Think carefully, think twice, install an ad-blocker and make your decision.

 

Now that sounds horribly patronising, which it is, and so this academic is going to get off his ivory tower with his simplistic notions and go and do some work.

Brexit

Tuesday, June 28th, 2016

The United Kingdom of England and Wales will not be great in power but it could yet be great in love.

It will not be able to lead as it formerly could when it was a great power, but it could enthusiastically follow when other countries or supranational organisations like the EU lead in good directions.

It will not have the military power to wage war but perhaps it might help maintain peace.

 

It will be a long road back from fear and division, from racism and xenophobia, to tolerance, peace and love. Let us begin.

Houses in Multiple Occupation (HMOs) should be encouraged, not restricted

Saturday, June 2nd, 2012

One of the key differentiating policies between the Liberal Democrats and Labour at the recent local elections was that Labour were considering restricting the proportion of Houses in Multiple Occupation (HMOs) that could occur in a section of road of a certain length. Labour won (at least in my ward) and I think that imposing such a restriction would be a particularly bad idea. Hence it is my democratic duty to try and explain why this is the case and so help prevent this happening. Essentially this proposal is equivalent to a proposal to throw me or people like me out of our houses so I should probably take this reasonably personally.
A House in Multiple Occupation is one in which 3 or more people who are not of the same household are living where household is defined by blood or by marriage or similar.

As I understand it the main reasoning behind restricting HMOs is that they are bad for the community due to lack of involvement by the residents (and perhaps bad behaviour on the part of the residents) and that they tend to be poorly maintained and so be bad for the area (house prices etc.).
Now those things might be true, or at least there might be a statistically significant increase in poor maintenance of HMOs and of lower community involvement by the residents of HMOs or even a higher incidence of reports of antisocial behaviour against people living in HMOs.
While it seems perfectly possible that those things might be the case I have not seen studies that have shown that to be the case I have not seem them (to be fair I have not looked). If there are no such studies then clearly no restriction should be imposed because before you start throwing people out of their houses (or at least saying “no you cannot live there”) you should at least be sure that the reason you are doing that is valid. It would be rather embarrassing to find out that this sort of thing had been done on the basis of a lie.
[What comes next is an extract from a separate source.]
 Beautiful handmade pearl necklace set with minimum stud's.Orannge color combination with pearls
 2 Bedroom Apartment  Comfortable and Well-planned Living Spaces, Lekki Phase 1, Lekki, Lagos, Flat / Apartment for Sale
However even if it is true that residents of HMOs are more likely to be antisocial/anticommunity and take poor care of their property that is still no reason to restrict where residents of HMOs can live. It boils down to a “We don’t want your type around here.” attitude. Sorry I thought we were living in a free society in the 21st century where anyone could come and live next door as long as they are not currently in prison and can afford it. Perhaps if there was some sort of causation between being a bad person and living in HMOs there might be some more justification but even then – really is that the kind of society we want to live in?
So who lives in a HMO, well clearly people who don’t have a big enough household to fill a house or enough money to have a house to themselves and have done so. So mainly single people, probably also mainly young people. So after high levels of unemployment and debt young people are put at a further disadvantage by being discriminated against when trying to find houses to rent not only by the letting agents and landlords who would already much prefer families (and make this clear) but also by their local government. That does not strike me as a good move and seems likely to further alienate a group of people who might legitimately feel let down by society and so rather apathetic about supporting it. There are already quite enough problems to deal with this century without further unnecessary building of inter-generational tensions.
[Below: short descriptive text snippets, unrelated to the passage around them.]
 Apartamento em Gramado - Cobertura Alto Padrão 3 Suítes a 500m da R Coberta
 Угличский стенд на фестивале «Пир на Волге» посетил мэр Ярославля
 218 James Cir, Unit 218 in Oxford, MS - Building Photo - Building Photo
Now I think marriage is important so I would not get married just to be able to get a house but if people start getting told “Well if two of you got married then you could all live here.” some people might decide otherwise. This renders the whole thing unenforcable.
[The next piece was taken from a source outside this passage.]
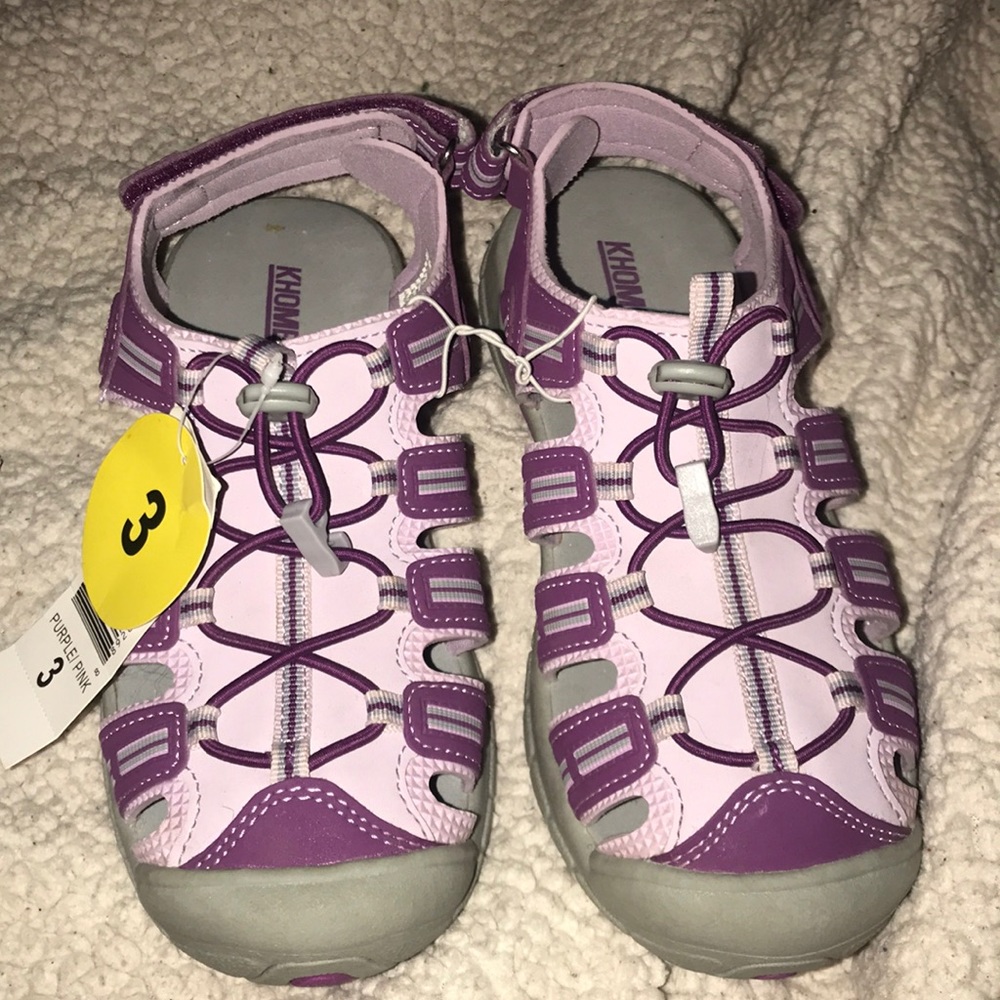New girls sandals sold out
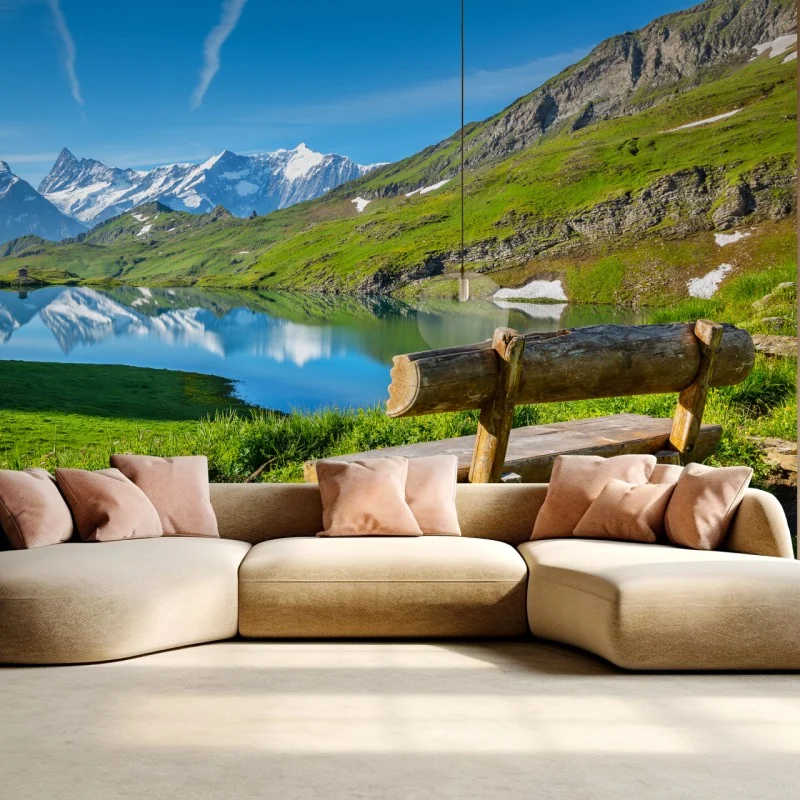 Fototapeta alpejskie jezioro z drewnianą ławką – Wallissimo® Fototapeta alpejskie jezioro z drewnianą ławką – Wallissimo®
Monitoring which houses are HMOs in order to prevent the concentrations of HMOs exceeding defined thresholds involves some significant bureaucratic overhead which will have its own cost, it also means that the information on which houses are HMOs must be publicly available in order for letting agencies etc. to be able to work this out and hence know who they can rent the houses to. This would be a violation of the privacy of those living in these houses and would be likely to allow targeted advertising (and perhaps political campaigning) based on this information.

So if people are not allowed to live in HMOs what is the alternative? Well they could live in a family house instead. So they could go back and live with their parents (and leave their job, sounds like a great idea) or they could get married but that is not something someone can necessarily do. Or they could live in a house of single occupancy. However that would be a really silly idea.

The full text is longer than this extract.